Politik in die Pflicht nehmen
Die Prognos-Studie und Diskussionen sowohl auf der Jahrestagung als auch in den Verbandsgremien zeigen den Handlungsbedarf für die nächsten Jahre auf: Einerseits muss auf der verbandlichen Ebene in Richtung Bundes- und Landespolitik für eine ausreichende Refinanzierung der Leistungen und Rahmenbedingungen Sorge getragen werden, damit Investitionen in den medizinischen Fortschritt, die sich demografiebedingt verändernden Behandlungsbedarfe und die Sicherstellung der wohnortnahen Versorgung möglich sind (vgl. a.
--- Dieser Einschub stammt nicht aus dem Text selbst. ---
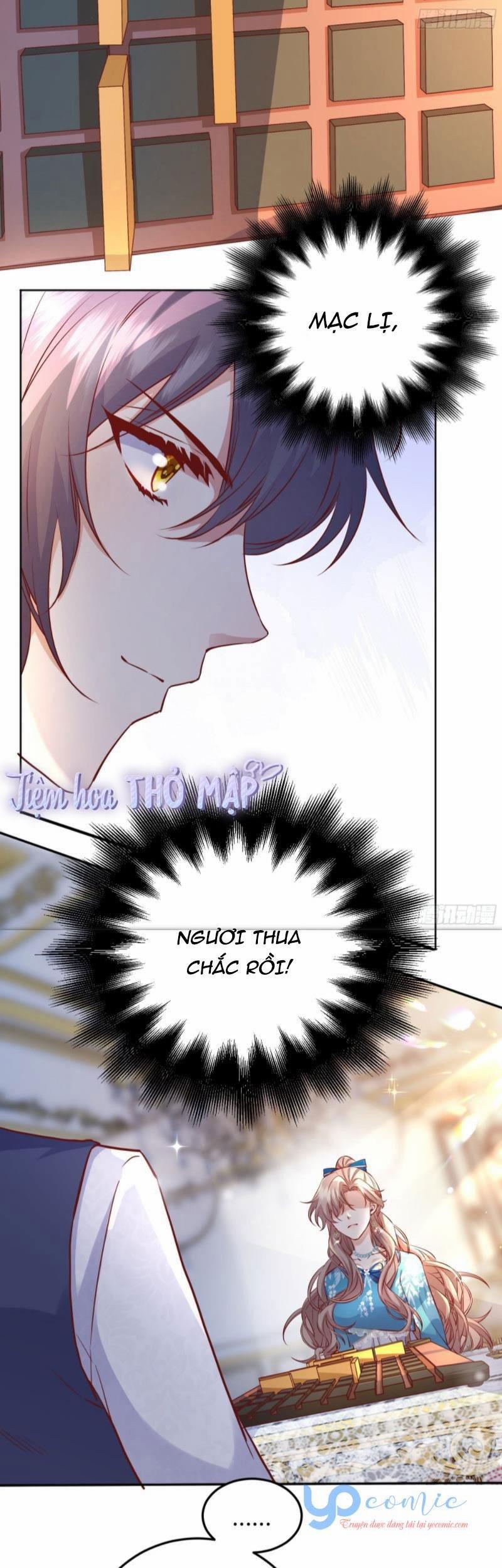 Hậu Cung Của Nữ Phụ Phản Diện 7.5 trang 2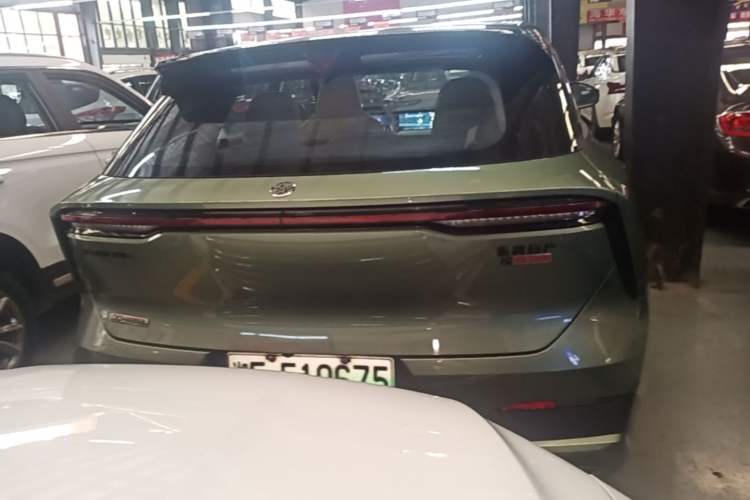 Used Venucia V DD-i 2023 110 km iE Version Rear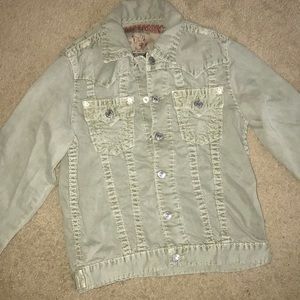 True Religion Brand Jeans Jacket , Jimmy Super T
Statement S. 14 in neue caritas Heft 21/2012). Bund und Länder müssen ihrer Finanzierungsverantwortung zur Sicherstellung der Versorgung nachkommen . Die rigide Kostendämpfungspolitik der letzten Jahre ging einseitig zulasten der Mitarbeitenden und Patient(inn)en in den Krankenhäusern. Zugleich müssen innerverbandlich die Chancen regionaler Verbünde und verbindlicher Kooperationen in alle Richtungen genutzt werden - sektorübergreifend wie innerkonfessionell und ökumenisch.
Ein großes Anliegen der CKiD ist es ebenfalls, die einzelnen Mitgliedshäuser in die Kommunikationsstrategie einzubeziehen. Für eine bessere regionale Vernetzung christlicher Krankenhäuser untereinander und mit anderen Diensten und Einrichtungen wird eine Kommunikation über Initiativen, Projekte und Best-Practice-Ansätze ein wesentlicher Baustein sein. Die CKiD fördern aus diesem Grund die Vernetzung der Verantwortlichen für Presse- und Öffentlichkeitsarbeit aus den katholischen und evangelischen Krankenhäusern. Ein erstes Netzwerktreffen bei der Jahrestagung diente zum Austausch über die gemeinsame Kommunikationsstrategie und die Frage, was das christliche Profil für die Öffentlichkeitsarbeit bedeutet und wie es in geeigneter Form in der eigenen Kommunikationsstrategie zur Geltung kommt.
Anmerkungen
1. Zur Studie: www.christliche-krankenhaeuser.de/Downloads/Presse/Publikationen. Hier finden sich auch die größten 27 CKiD-Träger.
2. Vgl. hierzu S. 11 der Prognos-Studie.